AVAILABLE DATA:
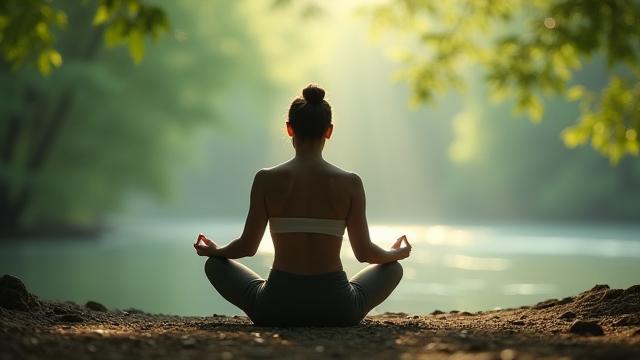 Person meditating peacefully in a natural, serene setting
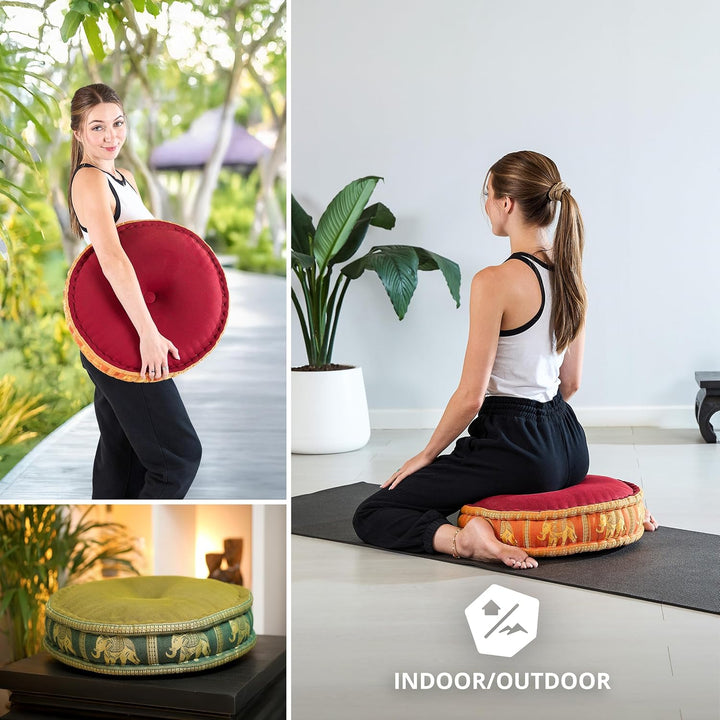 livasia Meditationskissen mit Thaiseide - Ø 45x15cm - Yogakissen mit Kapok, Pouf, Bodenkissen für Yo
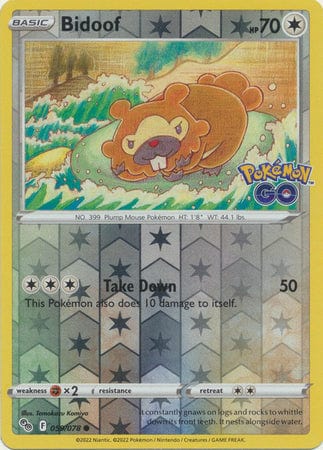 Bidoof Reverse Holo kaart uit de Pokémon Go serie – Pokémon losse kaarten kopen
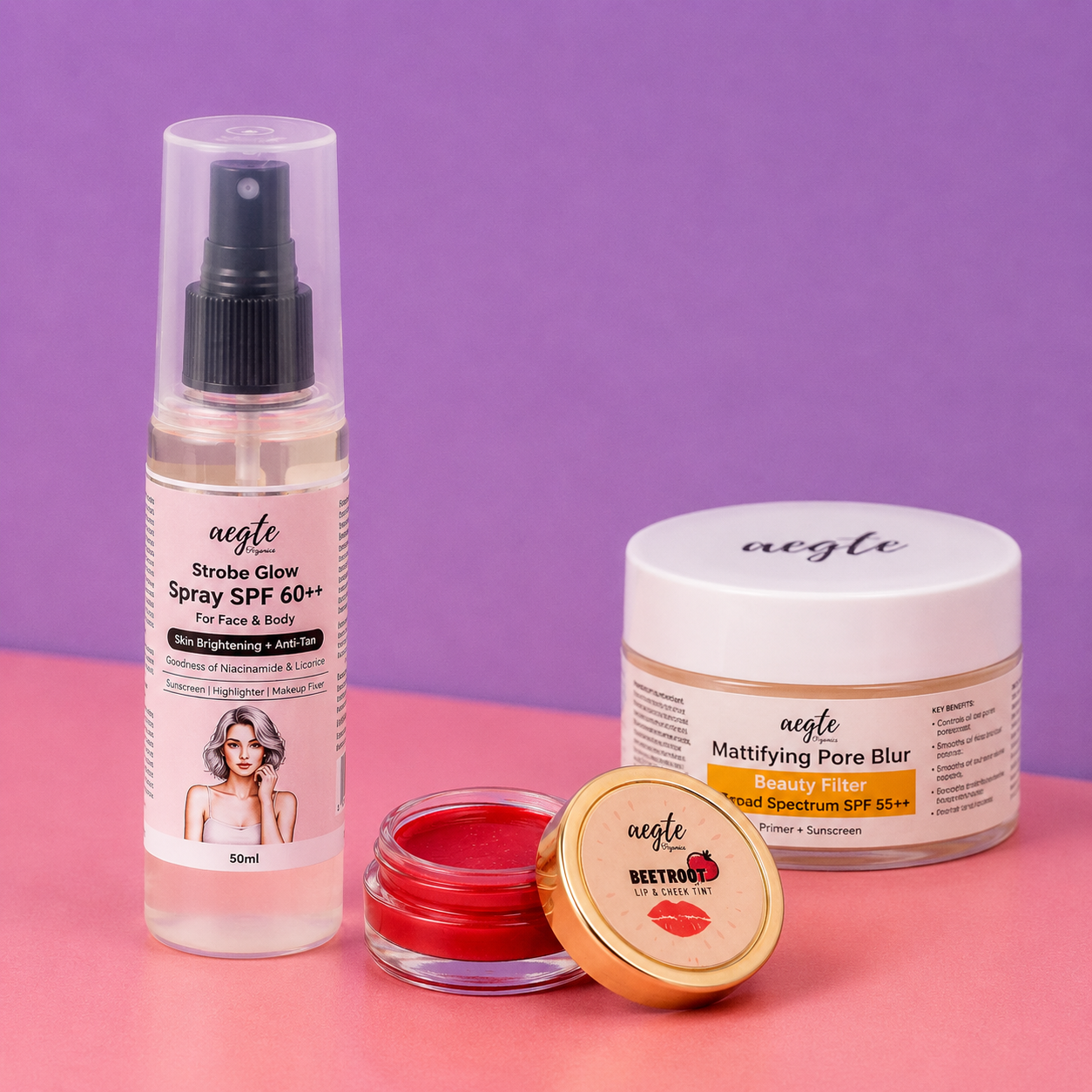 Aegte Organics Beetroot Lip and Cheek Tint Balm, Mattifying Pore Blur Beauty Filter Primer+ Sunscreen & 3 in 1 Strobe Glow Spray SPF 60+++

==

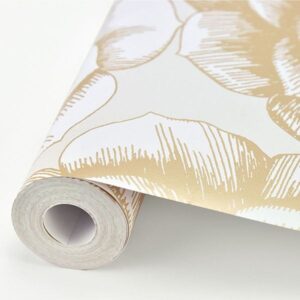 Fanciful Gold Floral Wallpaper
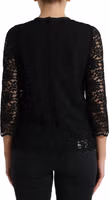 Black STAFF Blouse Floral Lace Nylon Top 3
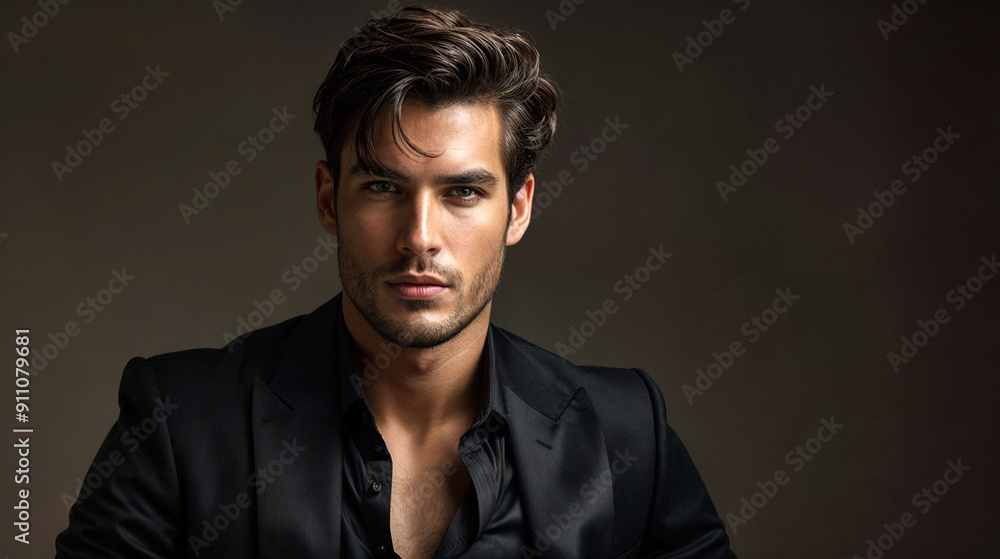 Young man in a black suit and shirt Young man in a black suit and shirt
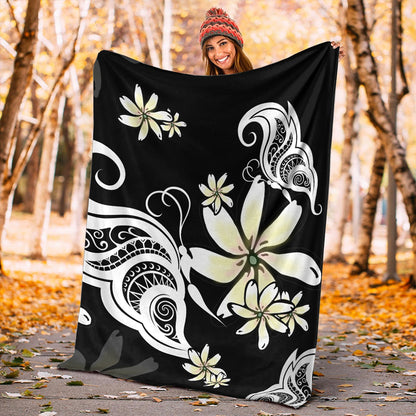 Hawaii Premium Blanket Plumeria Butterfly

--

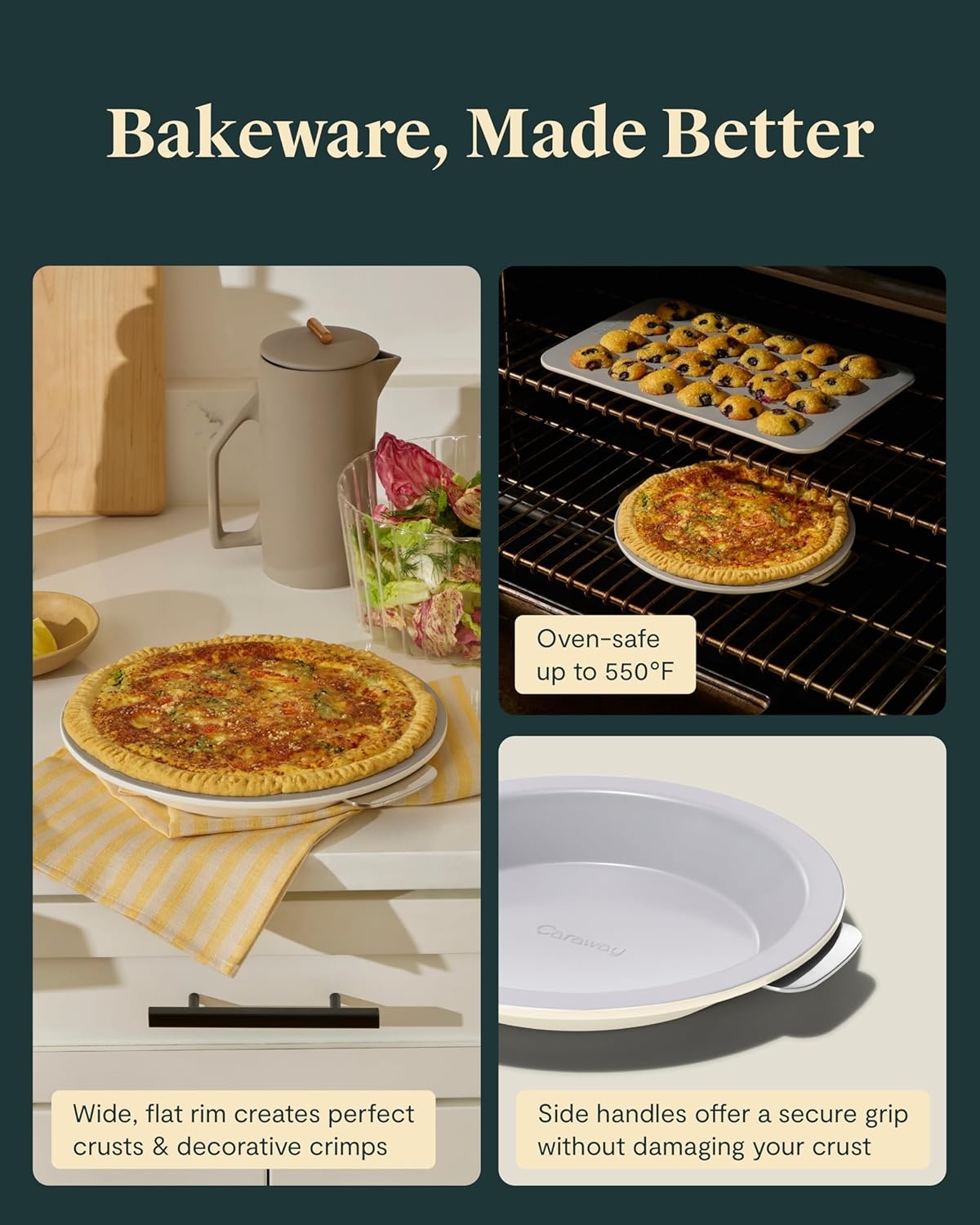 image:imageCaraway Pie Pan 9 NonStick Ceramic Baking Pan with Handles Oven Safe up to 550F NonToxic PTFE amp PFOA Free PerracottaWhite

INSTRUCTIONS FOR THE TASK:
From the records above, transcribe exactly the lines starting at the one containing "Fanciful Gold Floral Wallpaper" and ending at the one containing "Hawaii Premium Blanket Plumeria Butterfly". Skip the pictures.

SOLUTION FOR THIS EXERCISE:
 Fanciful Gold Floral Wallpaper
 Black STAFF Blouse Floral Lace Nylon Top 3
 Young man in a black suit and shirt Young man in a black suit and shirt
 Hawaii Premium Blanket Plumeria Butterfly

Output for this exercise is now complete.